You lost me when you said he let your indoor-only cat outside REPEATEDLY even after you said this was a hard boundary.
Move bedding downstairs to spend time and nights with your animals. If other animals have been allowed up there but yours are not sounds like very controlling behavior towards you. If it was me I would be finding my own place. Btw my vet told me my dogs could take 2 gas-x a day but they were rotties do yours probably only one. OMG it helped the stench so very much. Good luck.
I don’t know why this is even a question. You are letting him abuse your pets, but you still want to marry him? Why?
He is not only abusing them by regulating them to certain areas, which is the equivalent of keeping them in cages, but he is only doing this to YOUR babies. Letting your indoor cat outside? What the heck.
You can tell a person by how they treat pets. The fact that he specifically treats your pets poorly tells me he doesn’t respect you. This would get substantially worse if you married him. You have even told him, and he doesn’t care. Hurting deeply is not what I call a great relationship.
I would be looking for my own place, with plenty of space for my babies to run around. Tell him thank you for your help, but you are out.
He’s mistreating your pets. That’s a fundamental character flaw. It may be the first, but it won’t be the last. Cut him loose and find someone better.
This is a bigger issue than him just not liking your dog. He doesn’t respect your boundaries, he’s dismissive of your feelings and distress, and he’s refusing to compromise. These are serious issues that will show up in other ways if you marry him.

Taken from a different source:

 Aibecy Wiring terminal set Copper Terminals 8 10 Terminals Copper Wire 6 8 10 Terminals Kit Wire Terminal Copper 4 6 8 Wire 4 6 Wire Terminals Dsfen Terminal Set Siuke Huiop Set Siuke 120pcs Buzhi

Drop the bf, keep your dog. As a cat owner, I’d be furious at a partner who let my cat outside and exposed them to the risks of getting hit by a car, stolen, hurt by cruel humans, poisoned by people putting stuff on their gardens, picked up and taken away by a well-meaning human, getting into fights with other cats or foxes etc. Any partner who tried that when I’d explicitly told them no would be dumped.
As for your dog, I am so sorry. He does seem to be treating her differently from other dogs in the family, which is unfair. And it’s cruel to make her be alone so much of the day. She just wants to be near you, and while it’s important for humans to sometimes have a bit of space (either a room that’s off limits or some time for the two of you to spend time together without your dog) more for his sake than yours, it’s not cool to basically force her to never be around you.
Is it possible that you developed romantic feelings because he “saved” you when you had nowhere else to go?
Would you be together if you weren’t already sharing a home?